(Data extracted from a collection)

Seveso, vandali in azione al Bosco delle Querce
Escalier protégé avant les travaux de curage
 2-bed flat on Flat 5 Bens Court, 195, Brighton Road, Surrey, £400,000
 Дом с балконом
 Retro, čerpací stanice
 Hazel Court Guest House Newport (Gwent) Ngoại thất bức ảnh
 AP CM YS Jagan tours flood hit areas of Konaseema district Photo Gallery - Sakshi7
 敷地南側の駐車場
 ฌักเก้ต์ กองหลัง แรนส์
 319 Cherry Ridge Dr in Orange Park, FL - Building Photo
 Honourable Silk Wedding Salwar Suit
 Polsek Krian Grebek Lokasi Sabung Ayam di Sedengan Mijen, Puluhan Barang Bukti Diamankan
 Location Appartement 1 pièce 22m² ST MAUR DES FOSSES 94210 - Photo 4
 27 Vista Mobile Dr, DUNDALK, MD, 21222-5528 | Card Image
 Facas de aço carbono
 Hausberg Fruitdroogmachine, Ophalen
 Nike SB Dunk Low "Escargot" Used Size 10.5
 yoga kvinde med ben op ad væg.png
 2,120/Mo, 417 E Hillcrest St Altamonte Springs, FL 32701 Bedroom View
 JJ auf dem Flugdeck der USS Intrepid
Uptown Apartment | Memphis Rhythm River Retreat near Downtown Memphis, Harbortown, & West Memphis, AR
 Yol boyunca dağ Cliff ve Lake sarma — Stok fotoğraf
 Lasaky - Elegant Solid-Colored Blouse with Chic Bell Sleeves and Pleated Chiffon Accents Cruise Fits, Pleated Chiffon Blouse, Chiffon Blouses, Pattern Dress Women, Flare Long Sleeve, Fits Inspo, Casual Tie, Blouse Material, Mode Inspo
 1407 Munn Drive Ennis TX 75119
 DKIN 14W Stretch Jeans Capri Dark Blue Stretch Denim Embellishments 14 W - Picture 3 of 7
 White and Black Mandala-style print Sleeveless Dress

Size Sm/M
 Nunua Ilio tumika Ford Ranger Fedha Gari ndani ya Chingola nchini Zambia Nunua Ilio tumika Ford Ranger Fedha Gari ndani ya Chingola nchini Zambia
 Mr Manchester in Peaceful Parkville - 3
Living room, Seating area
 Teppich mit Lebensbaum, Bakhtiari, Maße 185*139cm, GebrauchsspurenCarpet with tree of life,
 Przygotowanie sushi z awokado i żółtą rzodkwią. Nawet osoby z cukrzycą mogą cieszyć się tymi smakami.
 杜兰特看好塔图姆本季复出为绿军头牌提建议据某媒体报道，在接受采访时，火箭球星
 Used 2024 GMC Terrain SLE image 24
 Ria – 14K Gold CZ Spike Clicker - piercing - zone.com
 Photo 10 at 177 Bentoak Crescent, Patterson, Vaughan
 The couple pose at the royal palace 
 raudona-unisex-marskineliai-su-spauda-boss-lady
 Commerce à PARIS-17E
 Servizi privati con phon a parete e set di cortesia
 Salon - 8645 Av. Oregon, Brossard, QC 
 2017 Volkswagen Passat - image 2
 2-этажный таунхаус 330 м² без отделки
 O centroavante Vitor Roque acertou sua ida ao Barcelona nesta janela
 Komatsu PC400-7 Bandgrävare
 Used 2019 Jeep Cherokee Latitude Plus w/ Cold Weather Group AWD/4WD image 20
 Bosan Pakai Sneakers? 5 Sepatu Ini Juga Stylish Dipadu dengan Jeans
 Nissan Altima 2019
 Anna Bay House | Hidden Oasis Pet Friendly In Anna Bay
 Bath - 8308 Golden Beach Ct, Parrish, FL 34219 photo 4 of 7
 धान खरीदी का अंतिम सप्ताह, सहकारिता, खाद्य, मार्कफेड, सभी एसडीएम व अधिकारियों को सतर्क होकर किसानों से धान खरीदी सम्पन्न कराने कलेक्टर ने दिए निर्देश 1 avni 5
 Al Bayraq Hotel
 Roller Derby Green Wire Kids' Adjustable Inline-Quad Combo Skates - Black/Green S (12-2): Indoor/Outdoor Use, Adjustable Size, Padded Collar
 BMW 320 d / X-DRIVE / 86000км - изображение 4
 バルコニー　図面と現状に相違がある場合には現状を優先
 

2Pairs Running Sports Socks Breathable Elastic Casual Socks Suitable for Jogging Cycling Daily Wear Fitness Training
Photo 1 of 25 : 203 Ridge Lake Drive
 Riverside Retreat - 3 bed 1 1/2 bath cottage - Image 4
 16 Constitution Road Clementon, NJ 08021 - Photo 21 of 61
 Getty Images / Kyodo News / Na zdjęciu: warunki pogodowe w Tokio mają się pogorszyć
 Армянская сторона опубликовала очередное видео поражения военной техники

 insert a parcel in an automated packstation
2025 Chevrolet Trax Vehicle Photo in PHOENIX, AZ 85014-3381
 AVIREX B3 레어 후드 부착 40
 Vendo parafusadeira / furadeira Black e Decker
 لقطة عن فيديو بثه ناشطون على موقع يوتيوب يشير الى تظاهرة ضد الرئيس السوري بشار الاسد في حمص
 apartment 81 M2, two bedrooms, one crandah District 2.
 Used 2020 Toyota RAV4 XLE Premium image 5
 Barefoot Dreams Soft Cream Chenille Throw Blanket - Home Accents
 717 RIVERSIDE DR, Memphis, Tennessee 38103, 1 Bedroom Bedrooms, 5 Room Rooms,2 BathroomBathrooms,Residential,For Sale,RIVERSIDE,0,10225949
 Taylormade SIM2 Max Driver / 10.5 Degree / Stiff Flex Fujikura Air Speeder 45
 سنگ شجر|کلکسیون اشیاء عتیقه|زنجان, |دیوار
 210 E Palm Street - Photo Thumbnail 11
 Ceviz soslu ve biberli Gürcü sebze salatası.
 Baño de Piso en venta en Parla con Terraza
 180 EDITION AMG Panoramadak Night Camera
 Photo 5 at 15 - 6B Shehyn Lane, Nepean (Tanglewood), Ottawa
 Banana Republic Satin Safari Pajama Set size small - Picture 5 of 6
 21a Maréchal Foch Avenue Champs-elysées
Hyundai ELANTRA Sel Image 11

§ What is needed
Above are some lines. Repeat exactly, and only, those from the line that has "yoga kvinde med ben op ad væg.png" through the line that has "Yol boyunca dağ".

§ Your response
 yoga kvinde med ben op ad væg.png
 2,120/Mo, 417 E Hillcrest St Altamonte Springs, FL 32701 Bedroom View
 JJ auf dem Flugdeck der USS Intrepid
Uptown Apartment | Memphis Rhythm River Retreat near Downtown Memphis, Harbortown, & West Memphis, AR
 Yol boyunca dağ Cliff ve Lake sarma — Stok fotoğraf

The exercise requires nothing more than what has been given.